Exercise requirements:
Your task is to copy the listing exactly, with the pictures left out.

Stored data:
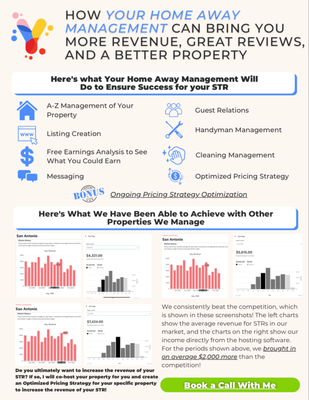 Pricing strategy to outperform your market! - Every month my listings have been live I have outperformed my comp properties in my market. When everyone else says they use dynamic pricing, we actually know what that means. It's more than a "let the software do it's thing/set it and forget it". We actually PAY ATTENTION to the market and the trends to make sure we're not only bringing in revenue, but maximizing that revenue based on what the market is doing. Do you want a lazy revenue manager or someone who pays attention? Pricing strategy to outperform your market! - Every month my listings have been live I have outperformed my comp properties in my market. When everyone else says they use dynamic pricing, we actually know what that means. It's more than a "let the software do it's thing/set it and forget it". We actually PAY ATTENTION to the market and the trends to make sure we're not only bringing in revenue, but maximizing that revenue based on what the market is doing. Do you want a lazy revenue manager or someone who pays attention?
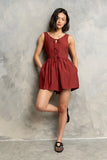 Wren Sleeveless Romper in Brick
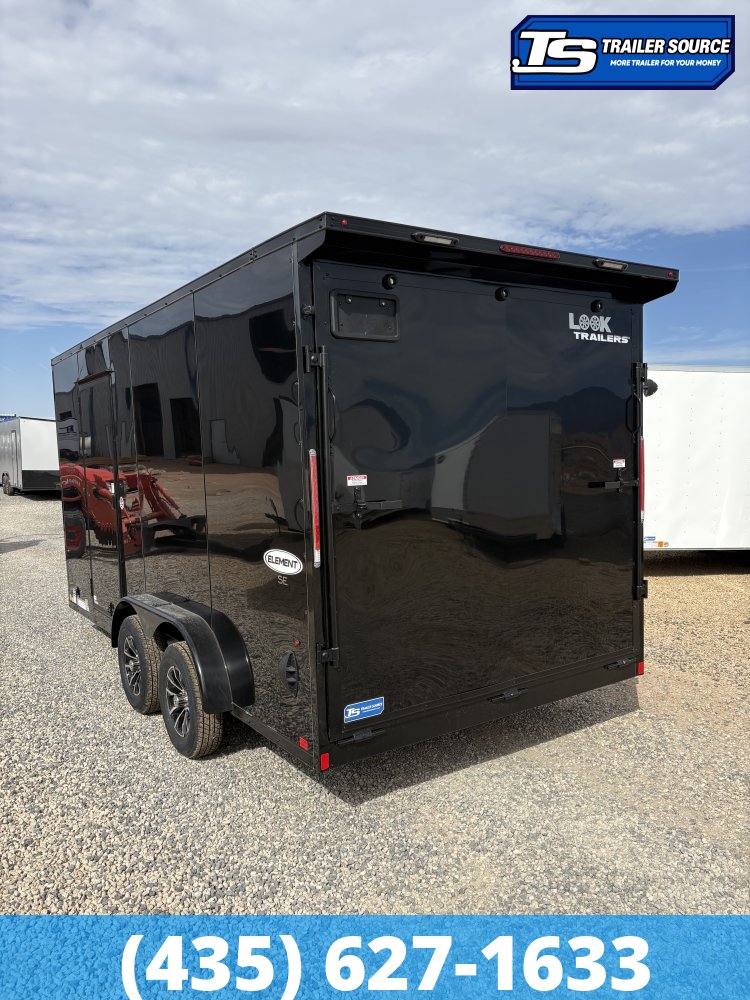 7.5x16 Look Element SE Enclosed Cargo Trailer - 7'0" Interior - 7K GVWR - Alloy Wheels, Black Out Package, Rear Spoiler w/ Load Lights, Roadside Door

Solution for this exercise:
 Pricing strategy to outperform your market! - Every month my listings have been live I have outperformed my comp properties in my market. When everyone else says they use dynamic pricing, we actually know what that means. It's more than a "let the software do it's thing/set it and forget it". We actually PAY ATTENTION to the market and the trends to make sure we're not only bringing in revenue, but maximizing that revenue based on what the market is doing. Do you want a lazy revenue manager or someone who pays attention? Pricing strategy to outperform your market! - Every month my listings have been live I have outperformed my comp properties in my market. When everyone else says they use dynamic pricing, we actually know what that means. It's more than a "let the software do it's thing/set it and forget it". We actually PAY ATTENTION to the market and the trends to make sure we're not only bringing in revenue, but maximizing that revenue based on what the market is doing. Do you want a lazy revenue manager or someone who pays attention?
 Wren Sleeveless Romper in Brick
 7.5x16 Look Element SE Enclosed Cargo Trailer - 7'0" Interior - 7K GVWR - Alloy Wheels, Black Out Package, Rear Spoiler w/ Load Lights, Roadside Door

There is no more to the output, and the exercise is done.